Downtime: Your place in the sun is just a matter of chance

Your place in the sun is just a matter of chance

Your place in the sun is just a matter of chance

It is a well-known fact in IT circles that computers cannot generate random numbers. This poses security issues, as encryption keys are often generated from a computer-based random number generator which is not, strictly speaking, random.

However, one Downtime reader believes he has cracked the problem. He has divided a pie-chart into 64 sections and placed it on the plate of a solar-powered plant turner. When the sun comes up, it begins turning. If the sun goes in, it stops. When the sun finally goes behind the wall of the house, it stops for the day. At a random spot.

It is good enough for 128-bit encryption. Trouble is, it is a bit slow, and does not work on cloudy days, according to the inventor. Still, at least it is good for the plant.

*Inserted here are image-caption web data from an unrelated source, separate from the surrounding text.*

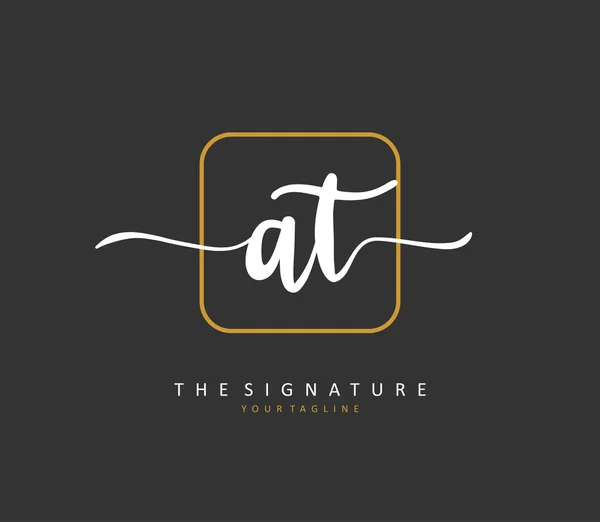 Initial Письмо Почерк Подпись Логотип Первоначальный Логотип Элементом Шаблона — стоковый вектор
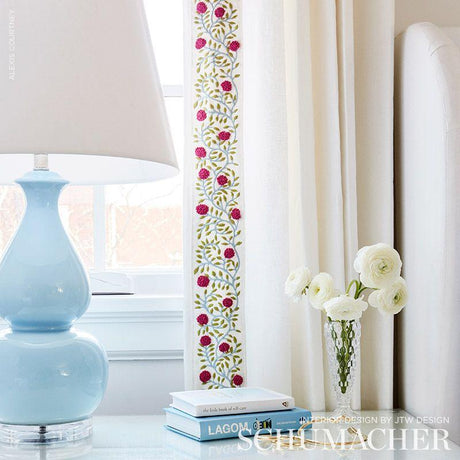 Schumacher Magenta & Leaf Ashoka Tape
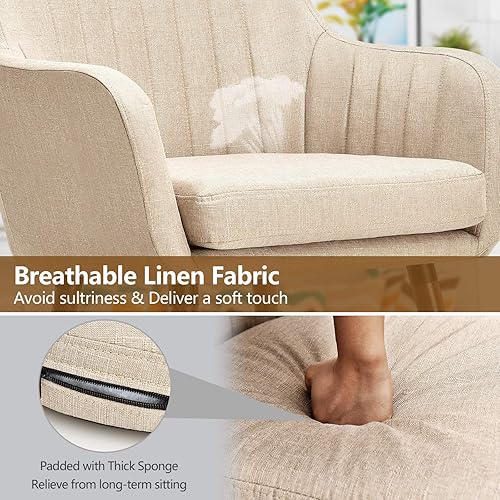 Miniatura 5 de Giantex - Butacas tapizadas con patas de madera de caucho, asiento de esponja gruesa, almohadillas antideslizantes, tela de lino, cómodas sillas de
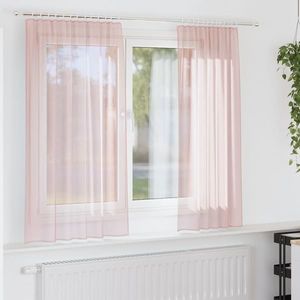 vidaXL Perdele Voile cu buzunare pentru bare 2 buc Roz deschis imagine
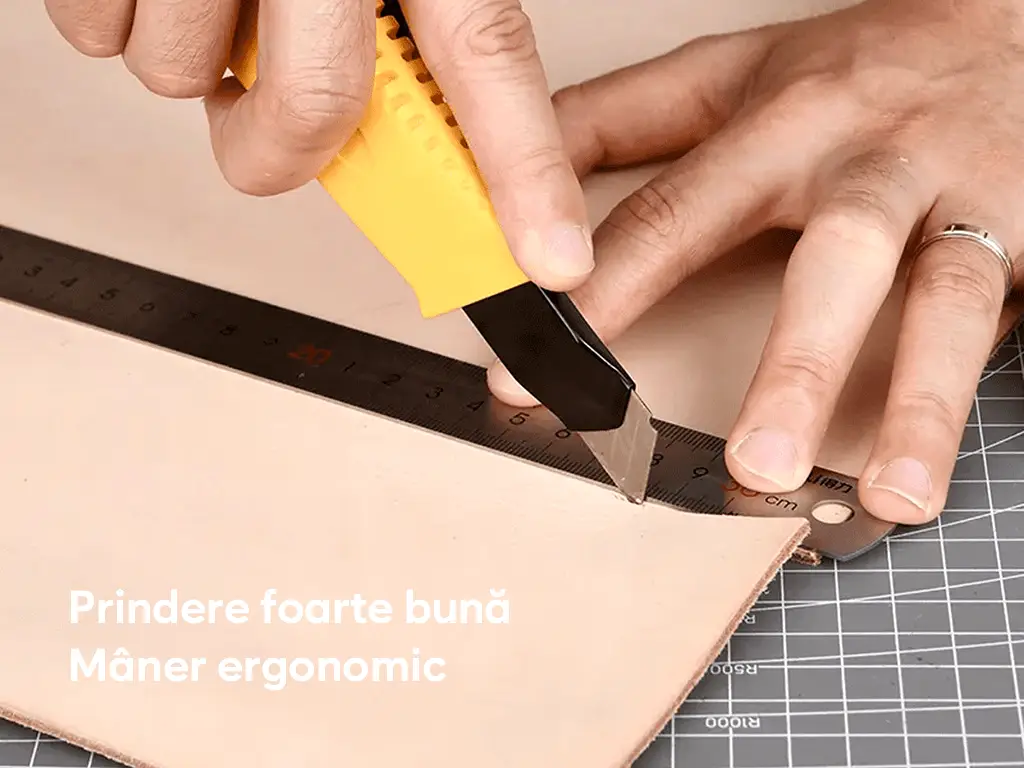 Cutter Deli DL003A cu lamă SK5 cu buton de blocare rotativ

For $1m I’d want it to open doors and shine my shoes

UK-based bespoke luxury goods creator Luvaglio has created the first $1m laptop. Although the complete spec has not been released, sources suggest it includes an integrated screen cleaning device and a rare coloured diamond that acts as the power button when placed into the laptop.

The news will strike fear into the hearts of long-suffering IT managers tired of meeting the demands of image-conscious executives who only use their laptops for Powerpoint and Patience.

Inspector Clouseau gets new job as network techie

A network technician in Alaska has managed to wipe the details for a £20bn residents’ oil and minerals fund. Nine months of records were accidentally deleted by the technician, who not only wiped the applicant information from the system, but somehow managed to reformat the backup drive too.

To crown the mother of all data losses, the backup tapes were unreadable too. Whoops.

The Alaska Permanent Fund was reduced to rescanning all the original paperwork after consultants from both Microsoft and Dell failed to find an alternative way to get the data back.

At least someone was able to locate the hundreds of cardboard boxes the original application documents were stored in. So much for the paperless office.

Computers better than guns, say Mexican mums

When it comes to promoting computer literacy, Downing Street could have a thing or two to learn from South America. Mexico City has begun an innovative scheme to donate a free computer to anyone who turns an illegal firearm over to the police.

The computers for guns program is proving a big hit. Emilia Reyes, a housewife who turned up with her young son to drop off a duelling pistol enthused about the scheme to Reuters, “It is better for him to have a computer in the house than a gun.” Downtime heartily agrees.

Far better for young people to spend their time on constructive activities, such as playing computer games, which, we all know are completely non-violent, than toying with guns. Grand Theft Auto, anyone?

How to make sure that no one moves your cheese

If the pundits are to be believed, Web 2.0 will transform our lives beyond recognition. Just to prove the point, take a look at the latest manifestation: a website that allows you to view cheese as it matures.

Apparently, watching Cheddar Vision is the coolest thing since, er, Internet Explorer. Extraordinarily, the site has had more than half a million visits since the cheese started on its path to maturation about 100 days ago.

Check it out on:

Tim Berners Lee would have been proud.